Anti-Abuse Bond

The anti-abuse bond is an optional mechanism that some Mostro nodes use to make exchanges safer. The idea is simple: when entering a trade you put up a small amount of sats as collateral, which you get back in full if you act in good faith, but which you lose if you try to scam your counterparty or fail to do your part. This way, a scammer puts their own money at risk, which discourages abuse and increases the security of exchanges on Mostro.

A node with or without a bond

Not all Mostro nodes require an anti-abuse bond. It is a feature that each administrator decides whether to enable on their node, so it is up to you to choose whether you prefer to trade on a Mostro that requires it or one that does not.

Each node that enables it sets its own rules: who it asks for the bond (whoever creates the order, whoever takes it, or both) and how much it is. The amount is usually a small percentage of the order value (for example, 1%) with a minimum in sats, but that percentage is decided by each node.

Tip: You can check whether the node you are using requires an anti-abuse bond —and how much it would be— from your own Mostro client. For example, in Mostro Mobile you can go to the About section and review those node details before trading.

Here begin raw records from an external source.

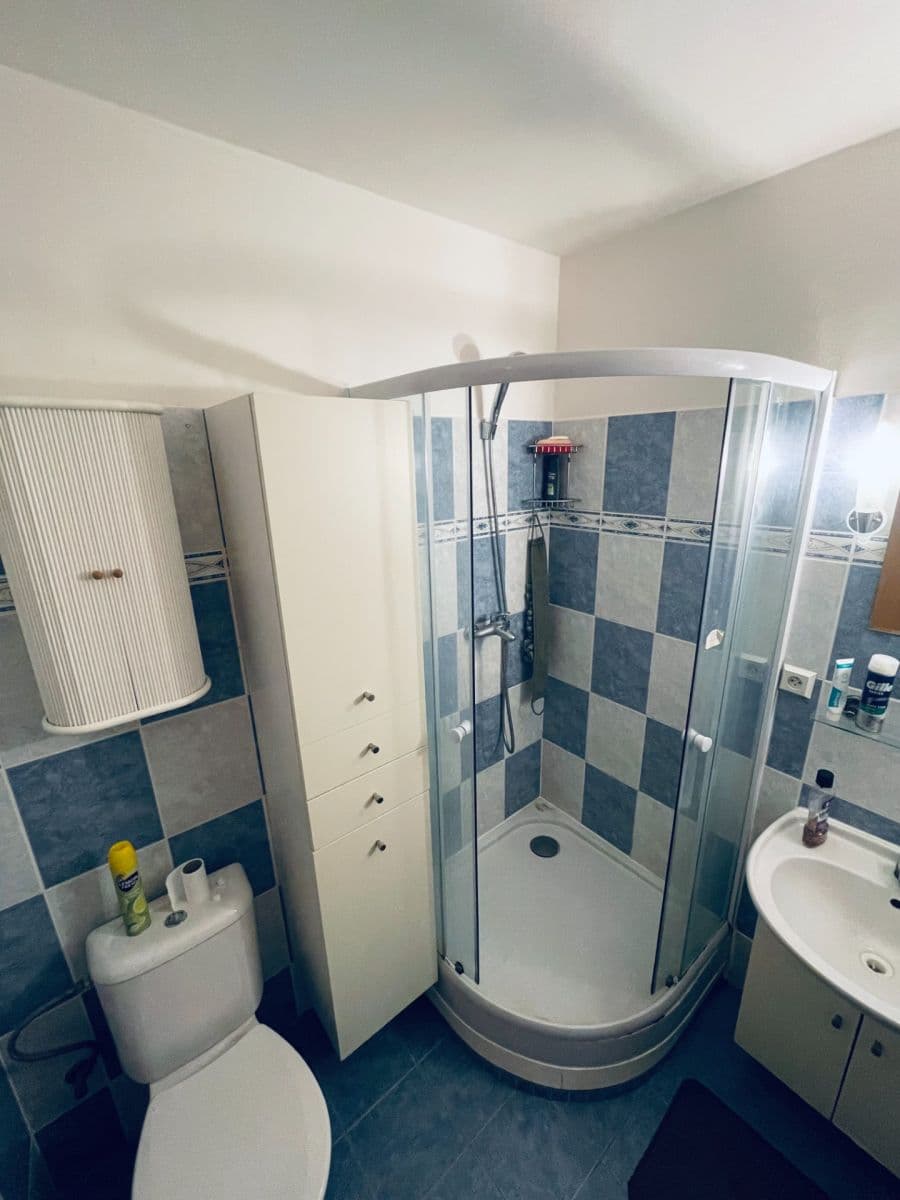 Prenájom bytu 3-izbový 100 m², Jana Růžičky, Praha, Praha Prenájom bytu 3-izbový 100 m², Jana Růžičky, Praha, Praha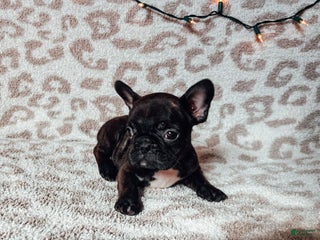 French Bulldog dogs Turtle - Ad 31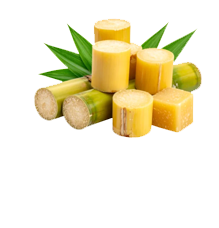 sugerleaf12png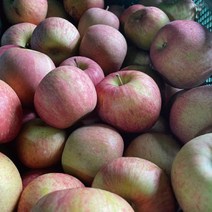 주스용 가공용 조리용 사과 5kg 10kg ( 반품x ) 가정용 못난이 경북 사과, 주스,가공,조리용(간식-대과 사이즈) 5kg, 1개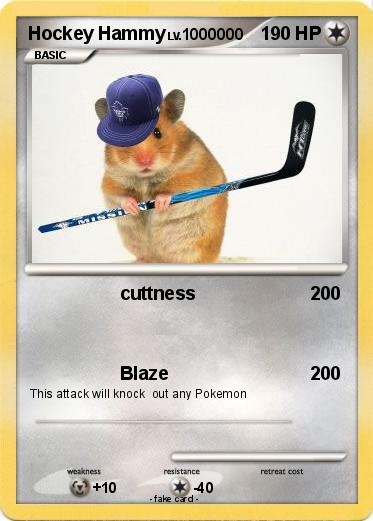 Pokemon Hockey Hammy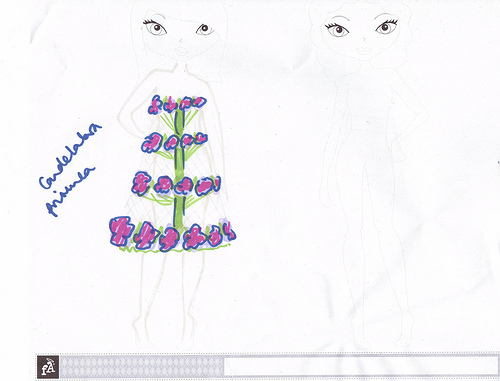primula sketch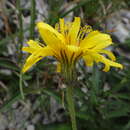 Image de Crepis jacquinii subsp. jacquinii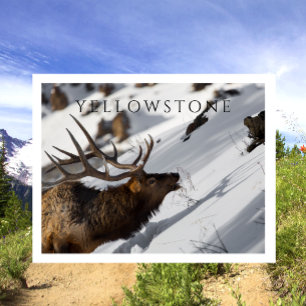 Bull Elk Grazing, Winter, Yellowstone NP Postkarte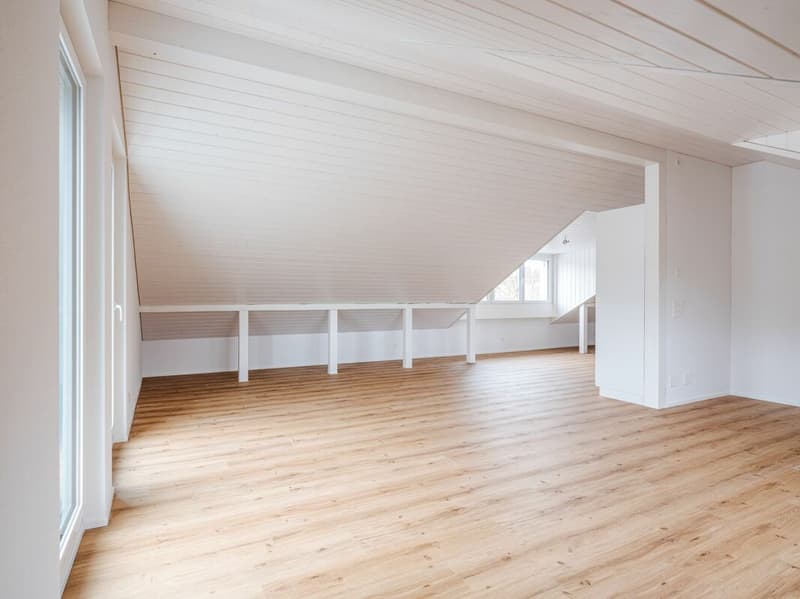 UNIQUE AND TRENDY LOFT-STYLE APARTMENT FOR RENT FOR THE FIRST TIME! (5)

How is it different from the escrow?

The bond is completely independent from the trade escrow. It is a second hold invoice: your sats are only "locked" in your wallet, they are not spent. If everything goes well, they are "unlocked" and returned to you without ever having left your wallet. It is not mixed with or deducted from the exchange amount.

When do I get my bond back?

You get 100% of your bond back as long as you do your part: when you complete the trade successfully or, simply, when you do not cheat or break what was agreed. For example:

  • You complete the exchange correctly.
  • You cancel the order cooperatively.
  • A dispute arises and the administrator does not determine that you acted in bad faith.

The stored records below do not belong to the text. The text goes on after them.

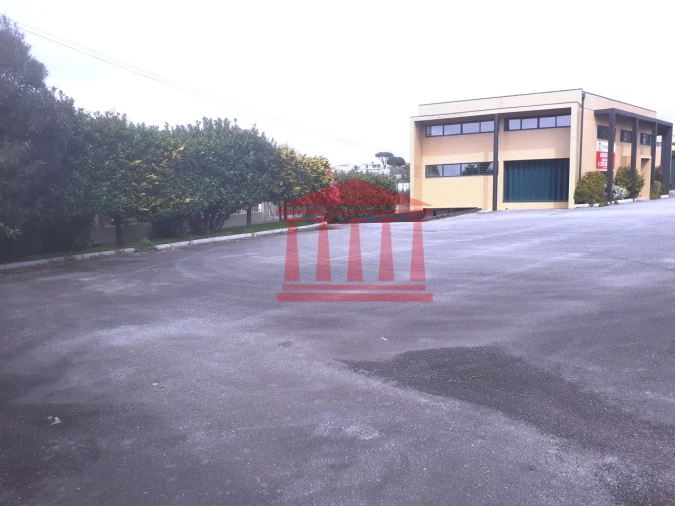 Loja para Arrendamento em Tamel (São Verissimo) Foto 3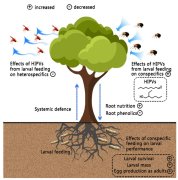 
【大国粮策】植物的“化学语言”：挥发物的奥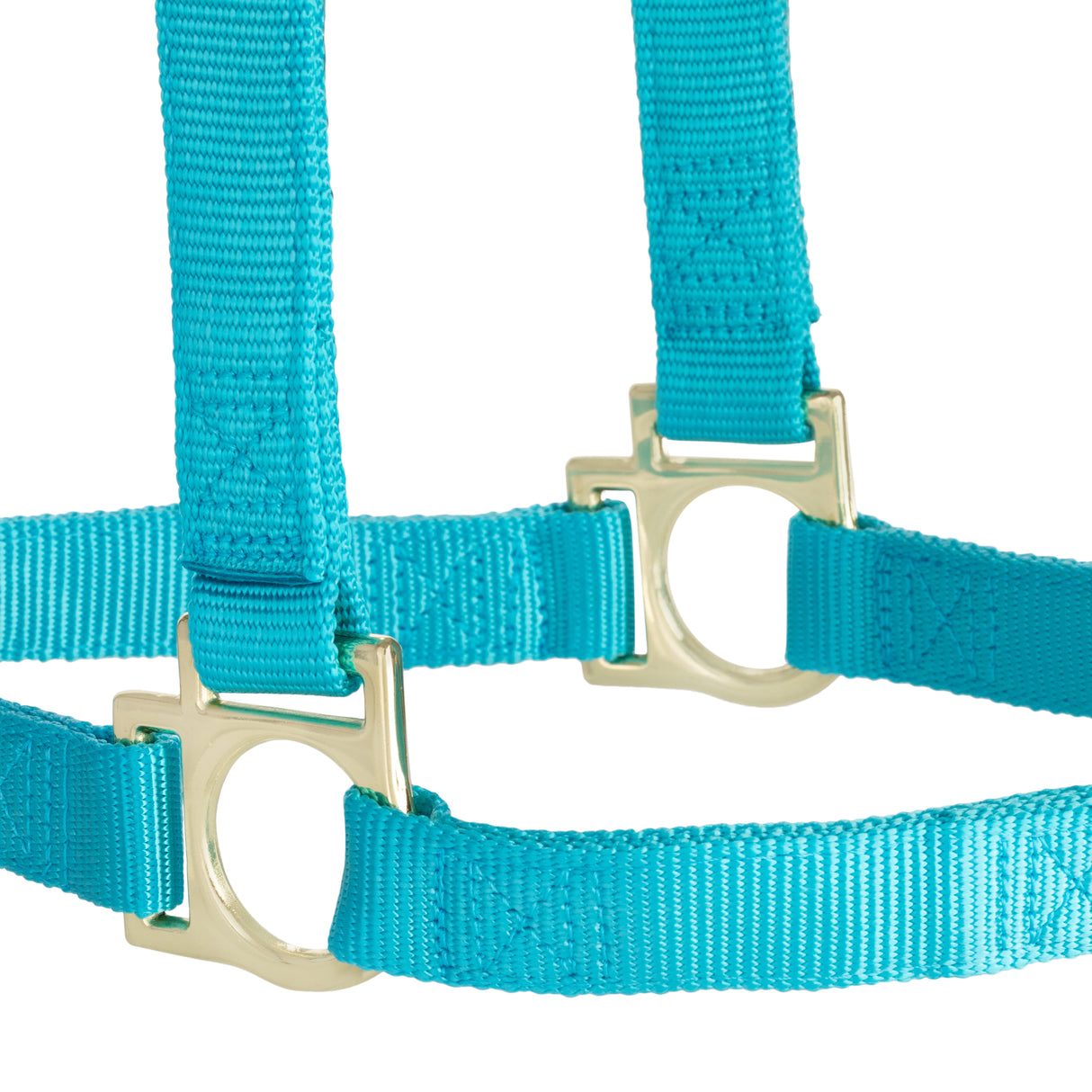 Basic Non-Adjustable Halter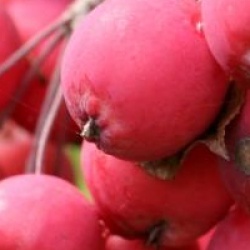 Malus x purpurea 'Neville Copeman'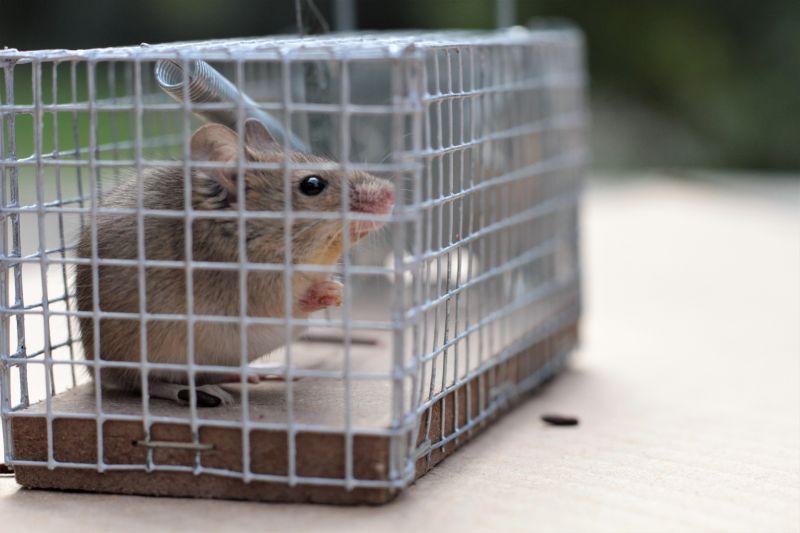 Humane Trapping and Removal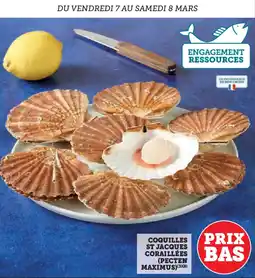 Hyper U Coquilles st jacques coraillées pecten maximus offre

Under normal conditions the bond is not a cost: it returns to your wallet in full, just like the sats locked in a hold invoice.

When can I lose it?

Important: You only lose your bond if you abuse the system. This can happen in two situations:

  1. By decision in a dispute. An administrator (solver), after reviewing the evidence, determines that you acted in bad faith and instructs Mostro to claim your bond.
  2. By failing to do your part and letting the time run out. If you take or create an order and then do not respond or continue with the exchange (you don't pay, don't send the fiat, don't provide your invoice in time), you let the deadline that was your responsibility expire. This only applies if the node enabled that policy.

Where do the sats from a claimed bond go?

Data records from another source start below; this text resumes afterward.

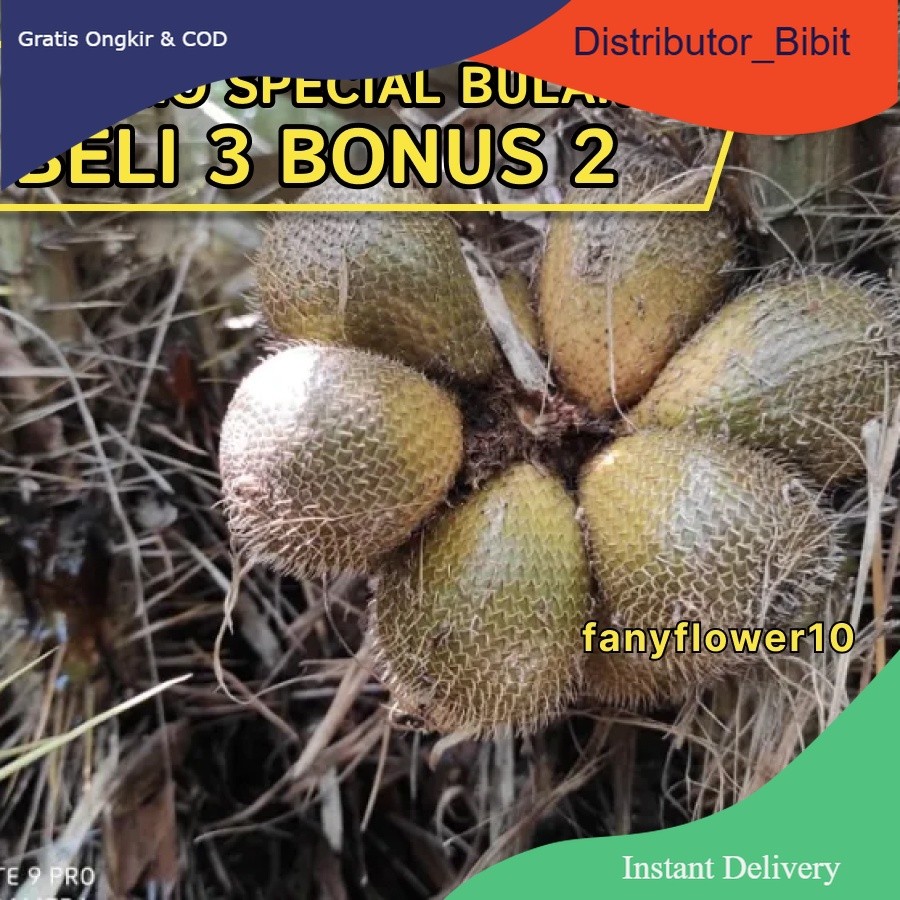 BELI 3 BONUS 2 / SALAK GADING | kwalitas bibit unggul | PLUS BONUS 1 PUPUK GRATIS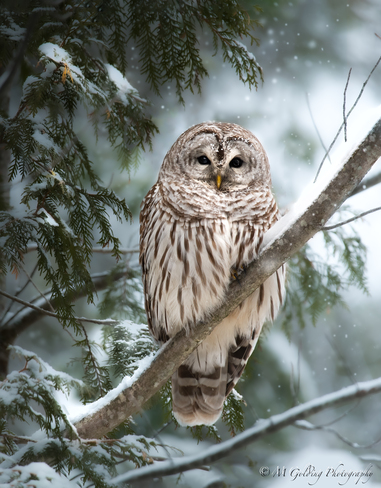 Winter Owl Mississauga, ON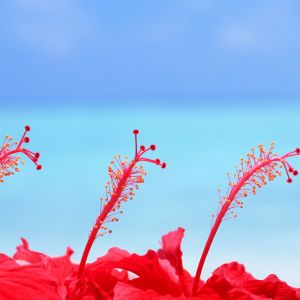 Maldives Hibiscus Flowers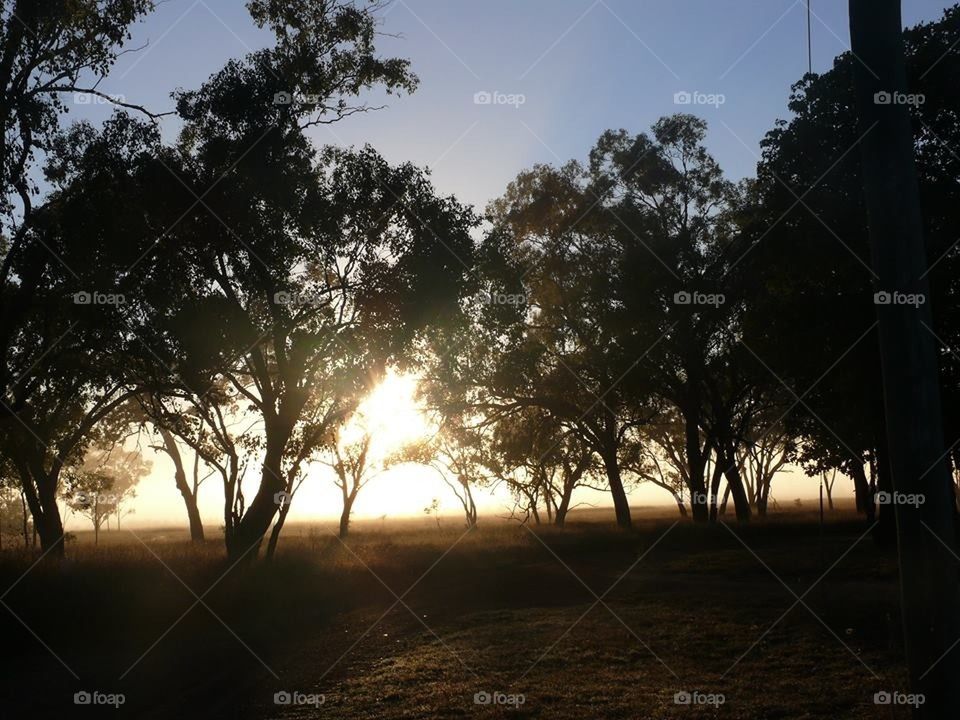 Sunrise Bushland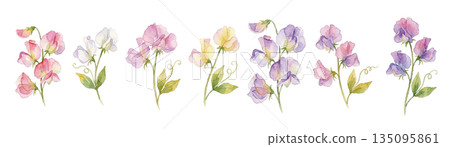Watercolor sweet pea illustration 135095861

When a bond is claimed, the sats are split between the node —which thereby funds the work of resolving disputes and keeping the service running— and your honest counterparty, as compensation for the harm. The proportion of that split is defined by each node and is public, so you can know it before trading.

Examples

Example — A buyer trying to scam. Alice sells sats and Bob buys them on a node that requires an anti-abuse bond. Bob never sends the agreed fiat money, but still insists that Alice release the sats to him.

Alice opens a dispute and presents the administrator with evidence that she never received the payment. The administrator confirms that Alice is in the right, cancels the order —the escrow sats return to Alice— and claims Bob's bond, since he was trying to scam her. As compensation, Alice receives half of the sats from Bob's bond; the other half goes to the node. Bob loses his bond for having tried to abuse the system.

Example — A spammer cluttering the order book. Imagine a malicious user who wants to fill the order book with offers they never intend to complete. On a node that requires an anti-abuse bond, to create each order they must lock a bond. If someone takes one of their orders and they do not respond or continue with the exchange, they let the deadline expire and lose the bond for that order. This way, filling the book with fake offers becomes expensive and stops being worthwhile.

If you are owed your counterparty's bond

If your counterparty loses their bond and you are owed a share, your client will ask you for an invoice to send you those sats. You have a window defined by the node (for example, 15 days) to claim it; if you let it pass, you lose the right to collect that share. That is why it is best to attend to your client's request when it appears.